Oh, I believe in choices, as long as they don't harm the child. You seem to be supportive of them, because "choices" like depriving a child of food, can be interpreted be in the best interest of the child, given the right conditions. That you refused to answer the question is pretty telling.



When their case is for "alternative medicines" and the labeling of "chemotherapy" as "poison", then it's clear that the parent doesn't have the child's best interest in mind and so the decision made by the child and parent is not in the child's best interest period. If they had something along the lines of "we'll try radiotherapy" or "bone marrow transplant" or hell, any decision which could be clearly examined as them having an iota of what it is they're discussing, I would have been right by them. However, it's clear that they're not. They're simply spouting hippy anti-science nonsense. :shrug:



And if you're unable to determine whether that injury/death is immediate, let the child die? Yes?

I thought food was considered by the left to be a basic fundamental right. Now you're calling food a "choice"? Is providing food to a child a choice or does the child have a right to food?
 
So all the rhetoric about abortion being a "choice" and a woman's right to Privacy being important and it's wrong for a man to tell a woman what decisions she should be making on her body....all of those attacks on the pro-life crowd that never mention the word "abortion" but claim all of these other things....bottom line is, it's all about abortion and abortion alone.

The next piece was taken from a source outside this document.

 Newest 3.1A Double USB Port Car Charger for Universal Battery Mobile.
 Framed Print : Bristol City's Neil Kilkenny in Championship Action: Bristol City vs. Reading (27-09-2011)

Got it. So then the words "pro-choice" are horse****. The only proper term is "pro-abortion".

Why do you keep inserting abortion into an issue that has nothing to do with abortion? :)
 
I don't live there. I'm pointing out the state's hypocrisy. It believes it gets to pick and choose when a woman has a right to her own medical decisions. You think that's okay. I don't. I'm not a slave to the state and don't encourage them attempting to do my thinking for me.

The good thing is you're an adult, and so the state will happily allow you to die of treatable cancer! But this person is a minor....
 
I thought food was considered by the left to be a basic fundamental right. Now you're calling food a "choice"? Is providing food to a child a choice or does the child have a right to food?

How you got that out of my statement is beyond me. Ockham argued that a parent depriving a child of food was a choice they have a right to make, I argued the opposite.
 
Bad Pro-Choice Arguments
It's My Body: How to Respond to the Pro-Choice Argument - LifeTeen.com for Catholic Youth
Life Training Institute » Five Minute 12
I am afraid of this indisputable pro-choice argument - The Matt Walsh Blog
What Both Sides of the Abortion Debate Can Learn from "My Body, My Choice" | Shameless Popery

Ignoring the context in which the statement is used everyday, so you can apply it to this issue, is a pretty terrible strategy. My body, my choice is a slogan on reproductive rights, not consent/denial of medical procedure.

I'll use this in the Abortion section and say that you're arguing to prohibit the use of "my body my choice" because the bottom line is this isn't about her body or her choice....it's only "her body her abortion". The pro-lifers will be able to use this argument.

"My body, my terminating of a fetus". Let's call it what it is and agree that there is no such thing as "My body, my choice". I'm all for taking the word "choice" out of the discussions. And to read many of you in this thread, none of you believed medical procedures were ever a woman's "choice" in the first place. The government has given a woman the right to terminate a fetus' chance at life. But she has no choice to deny injecting her body with drugs she doesn't want.

In other words, people are too stupid to make their own decisions so you want Uncle Sam and Big Brother to make them for them, and if they think it's a good decision, that's A-Okay with you.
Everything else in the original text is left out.